In describing the events surrounding the fire of Rome, ancient Roman historian Tacitus had this to say: 
“Consequently, to get rid of the report [that he had started the fire], Nero fastened the guilt and inflicted the most exquisite tortures on a class hated for their abominations, called Christians by the populace. Christus, from whom the name had its origin, suffered the extreme penalty during the reign of Tiberius at the hands of one of our procurators, Pontius Pilatus, and a most mischievous superstition, thus checked for the moment, again broke out not only in Judaea, the first source of the evil, but even in Rome, where all things hideous and shameful from every part of the world find their centre and become popular.” (Annals, 15:44) 
Tacitus, clearly no fan of the Christians, wrote this around the end of the first century. It would be over 200 years before Christianity would begin its rise to the majority religion. It would be difficult to claim that in those two centuries Christianity bore no weight of persecution or derision at all. 
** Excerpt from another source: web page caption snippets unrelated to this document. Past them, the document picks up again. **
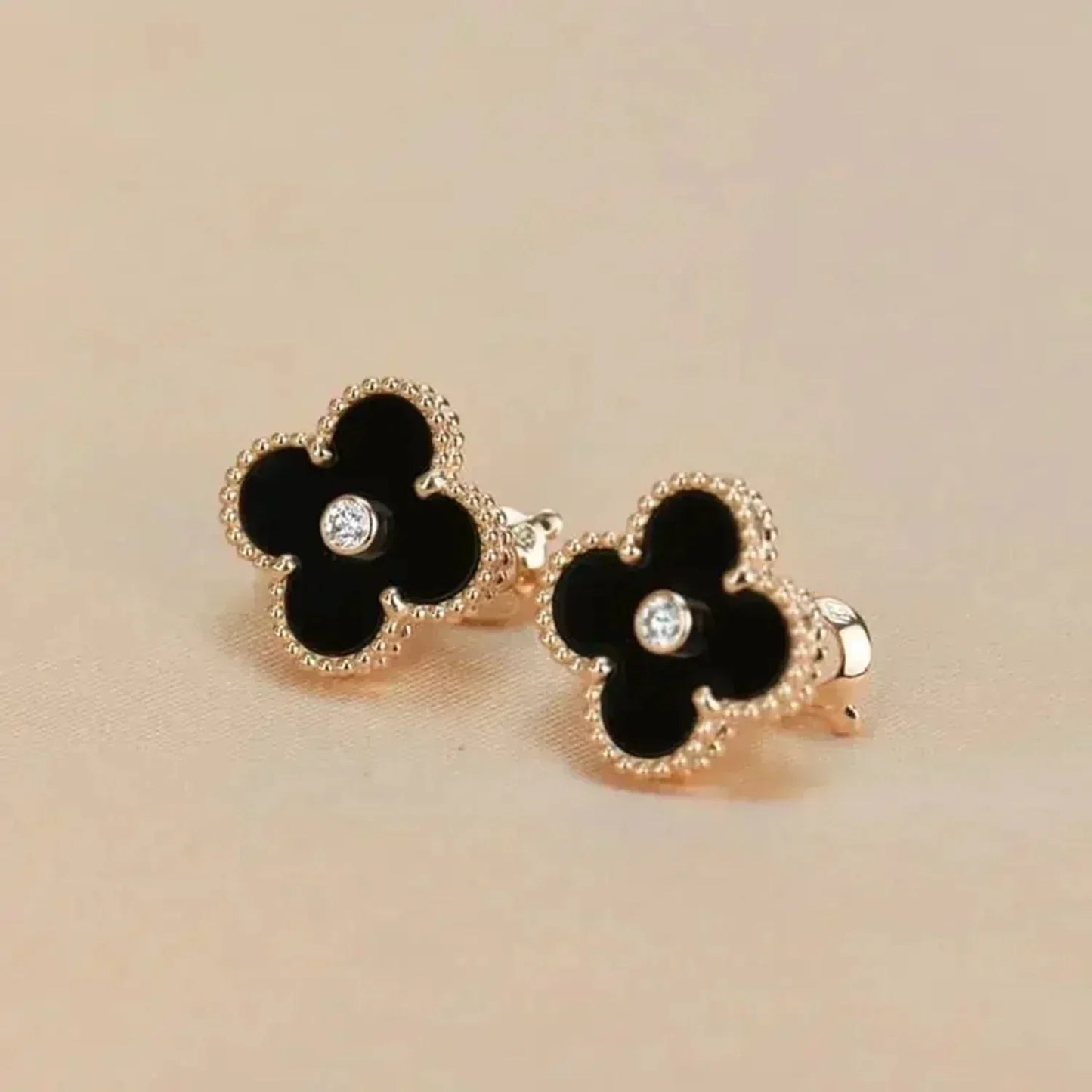 [Panda Jewelry]CLOVER MEDIUM 1 MOTIFS ONYX DIAMOND EARRINGS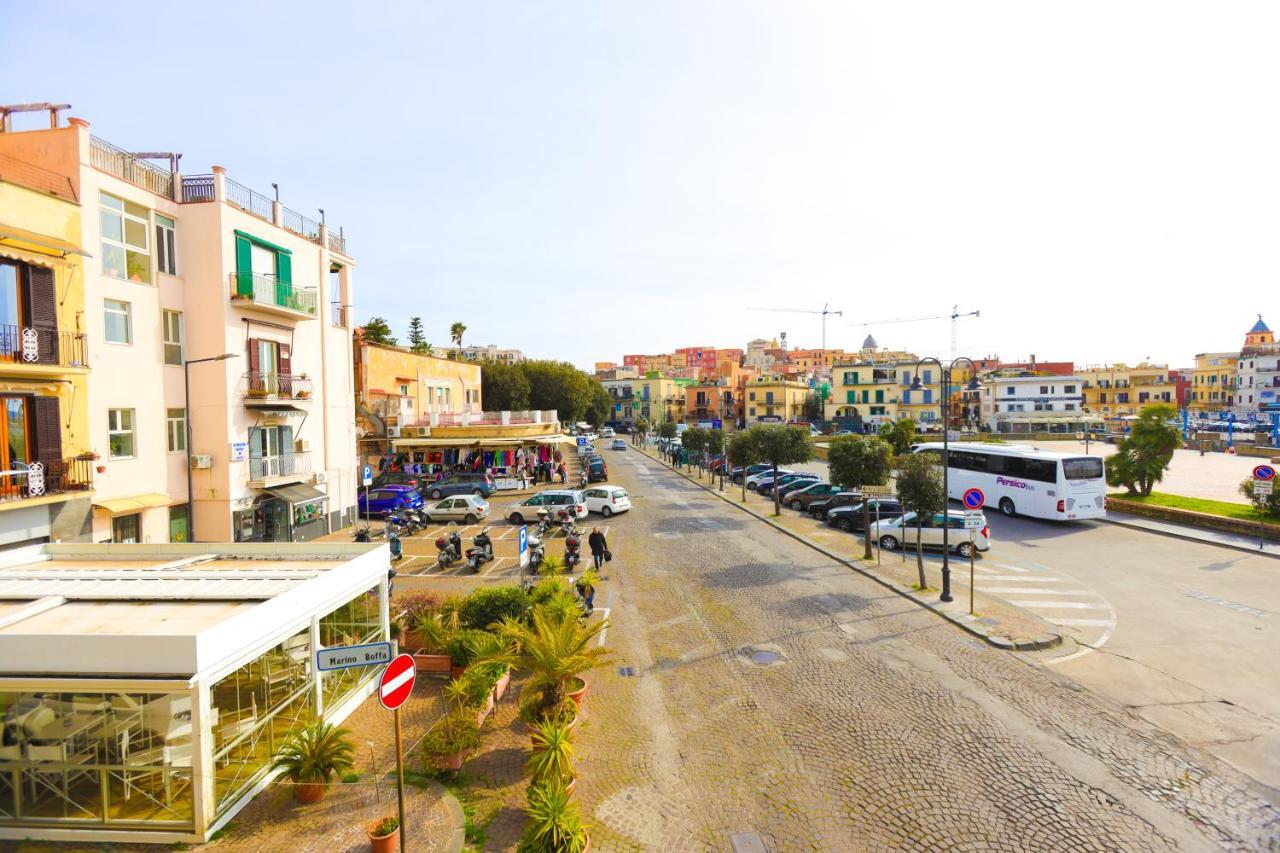 B&B Piazza A Mare Pozzuoli Exterior foto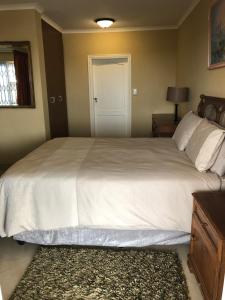 バリートにあるMiniMap Cozy Cottageのベッドルーム1室(大きな白いベッド1台、ドア付)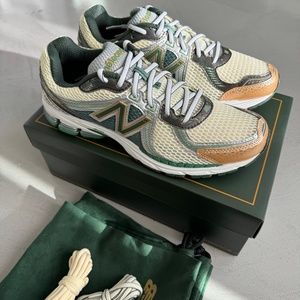 Size 9 - New Balance 860v2 x Aime Leon Dore Low ALD Green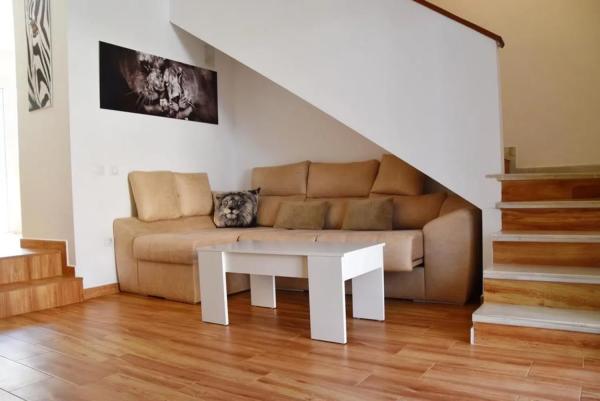 Chalet independiente en venta en Avenida el Lagarejo, Mijas photo 1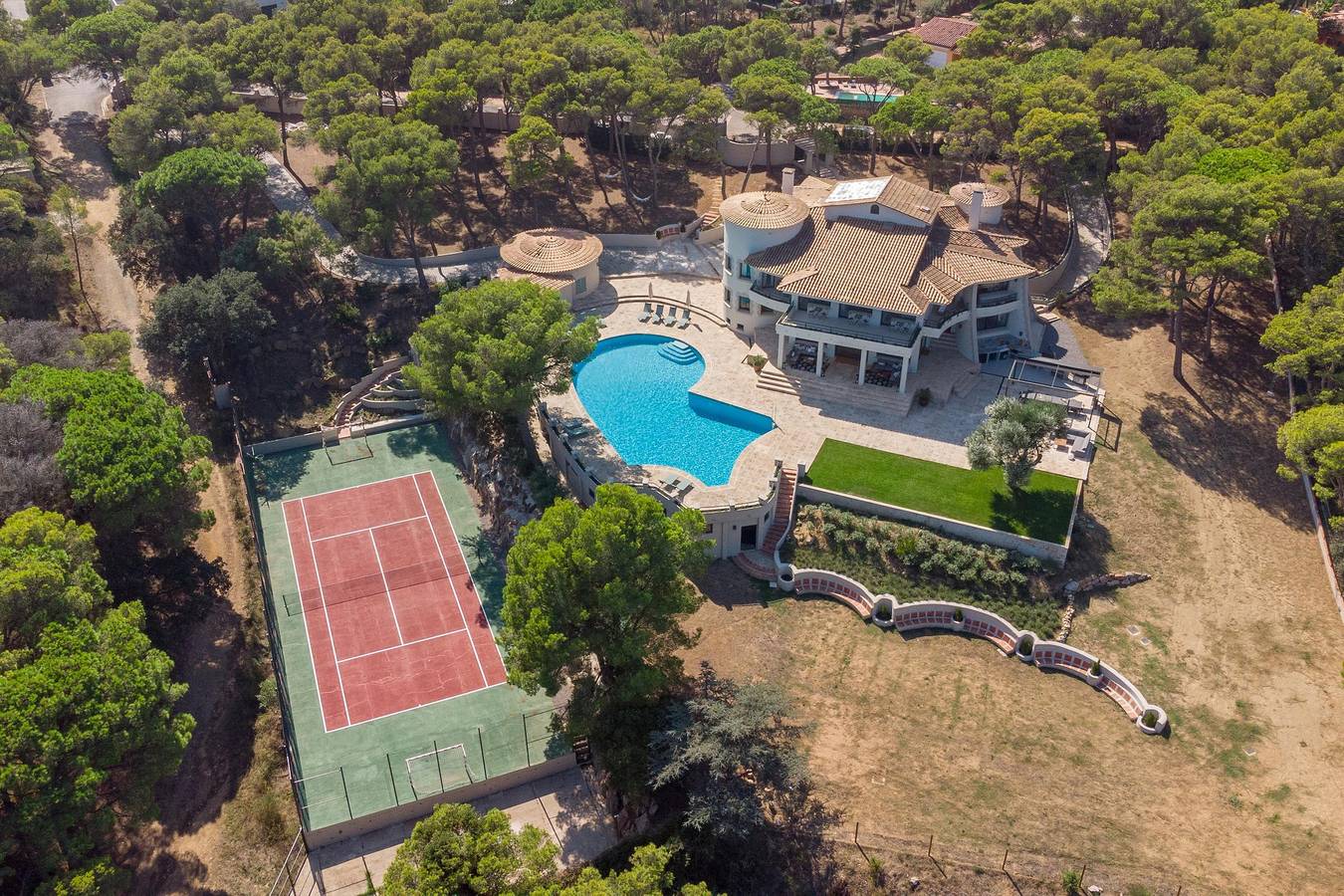 Sa Guarda - Villa de lujo con una gran piscina de 210m2 y zona deportiva alquiler villa lujo Costa Brava” y “villa piscina infinity Llafranc” in Llafranch, Palafrugell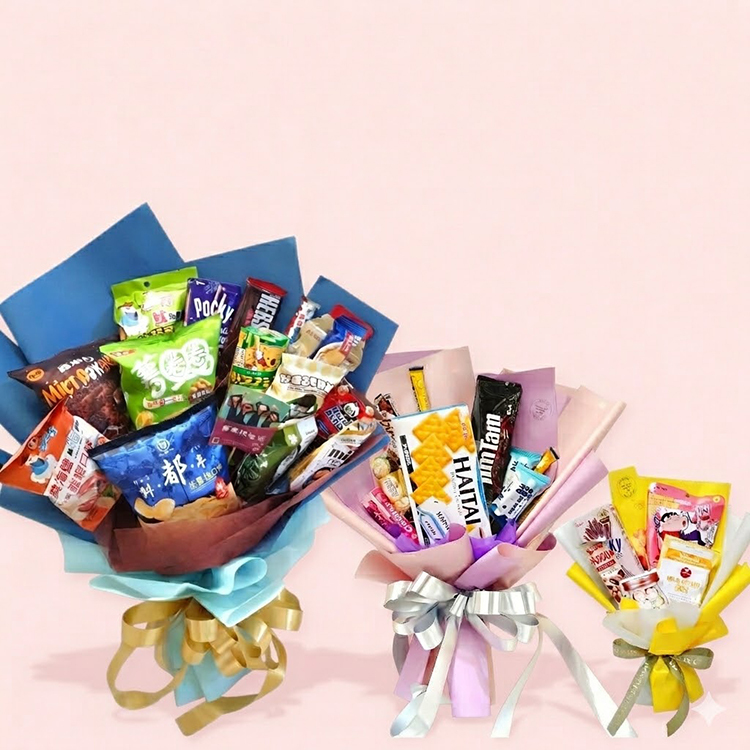 三束不同尺寸的零食花束擺放在粉色背景前,左為藍色包裝大花束,中為粉紫色包裝中花束,右為黃色包裝小花束,內含多款餅乾與巧克力零食。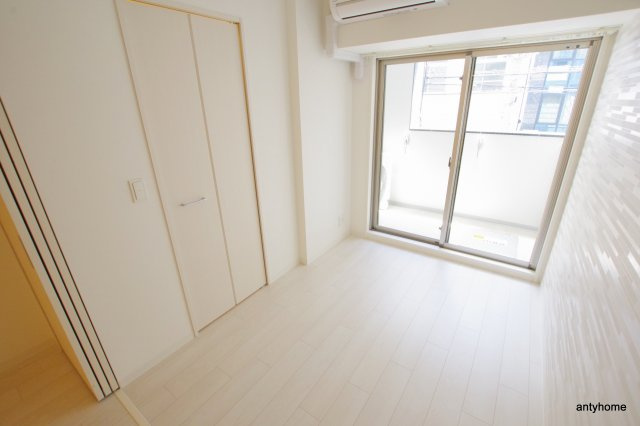 ラフォルム鎗屋町 仲介手数料無料の洋室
While Christianity is at the very least tolerated by the Western culture, in communist countries such as North Korea and China, and in predominantly Muslim countries, Christians continue to be maligned, abused, and killed for their beliefs. And despite its supposed dominance in the Western World, it is likely that if anyone announces "I want to talk to you about Jesus," in a public place in America, eyes will roll and heads will turn in discomfort.  
The Bible predicts that Christianity will encounter resistance, and so it has. Jesus also predicts that "...when I am lifted up from the earth, will draw all people to myself." 
Christianity is paradoxically successful and disliked, all of which was predicted by the Bible. 
Persecution may not be a strong argument for the truth of Christianity. It is still an uncomfortable fact for those opposed to Christianity because, as Candida Moss puts it: "the dangerous legacy of a martyrdom complex is employed today to silence dissent and galvanize a new generation of culture warriors." 
To allow Christians to believe they are or have been persecuted actually reinforces their beliefs. However, books such as Moss's are not exactly designed to make Christians feel comfortable or accepted. The very dissent she claims such tales are intended to silence could be seen by Christians as persecution, just as any other group, minority or otherwise, claims to be "persecuted" when someone in the modern world speaks out against them. When it comes to Christianity, no publicity is bad publicity. The mere act of talking about it, negatively or positively, continues to encourage its growth. As Paul said: "Some indeed preach Christ from envy and rivalry, but others from good will. The latter do it out of love, knowing that I am put here for the defense of the gospel. The former proclaim Christ out of selfish ambition, not sincerely but thinking to afflict me in my imprisonment. What then? Only that in every way, whether in pretense or in truth, Christ is proclaimed, and in that I rejoice."